The aerospace industry has serious concerns about cutting funding for ATC modernization just as air traffic is reaching saturation in some cities, he said. AIA’s plan requests a $3.8 billion increase in FAA funding over the next five years for civil aeronautics. The association’s plan also stipulates a budget increase of $34 billion over the next five years for NASA, and seeks to increase funding for NASA aeronautics next year to $1.7 billion–up from the current 2005 projection of $900 million, an 11 percent drop from this year.

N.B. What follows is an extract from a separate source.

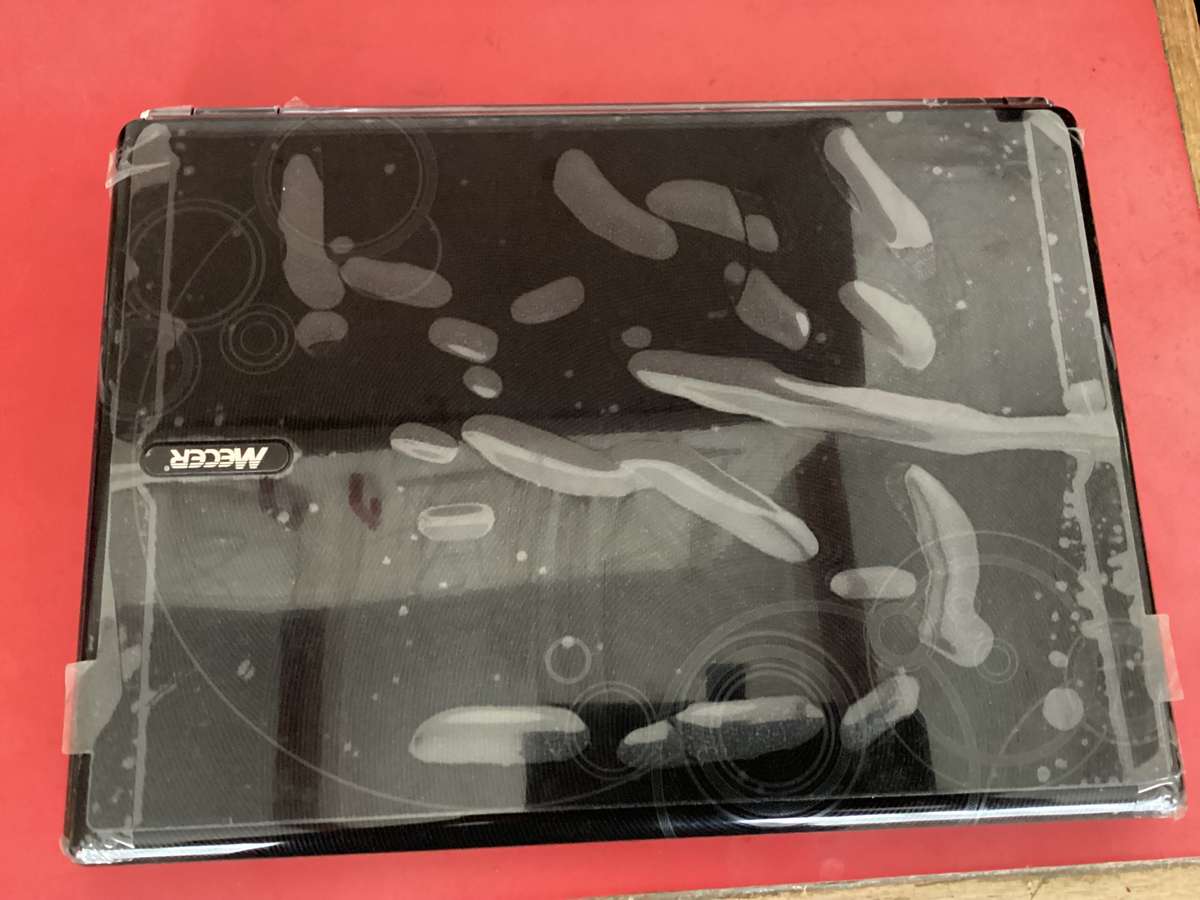 Mecer Xpression duo laptop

AIA president and CEO John Douglass said the President’s vision for space “charts an essential course for space exploration and answers many of the industry’s questions about the kinds of technology that will be needed in the future.” Although AIA supports the President’s plan, which increases funding for space exploration capabilities by $12 billion over the next five years, the association believes the Administration should be challenged to create a new human-rated space exploration vehicle by 2010, rather than 2014. The current NASA plan calls for retirement of the space shuttle by 2010 and a new manned vehicle by 2014, leaving a four-year gap in which maintenance of the International Space Station would be accomplished by Russian or French space vehicles.
Jones said the aerospace industry is also concerned that funds would be diverted within the NASA budget from aeronautics to the space program. He added that the industry is asking NASA to maintain continued balance between space and aeronautics budgets.
He said AIA fully supports the formation of the multi-agency joint planning and development office (JPDO), tasked with modernizing the U.S. air transportation system. He promised that AIA’s members will work with the JPDO to develop a unified interagency R&D program, coordinated across the government.
According to Jones, AIA’s plan encourages public/private partnerships to develop the National Airspace System (NAS) modernization plan for new technology in safety; ATM development and deployment; NAS transformation; propulsion and fuel systems; advanced materials structures; environmental impacts; and for rotorcraft.
AIA’s 2004 to 2008 plan does not ask for increased funding for defense R&D (2005 budget projection calls for an increase of $69 billion), but seeks a reallocation of funds to areas that are critical to the industry and have been underfunded in recent years, such as avionics, rotorcraft, propulsion systems and GPS modernization.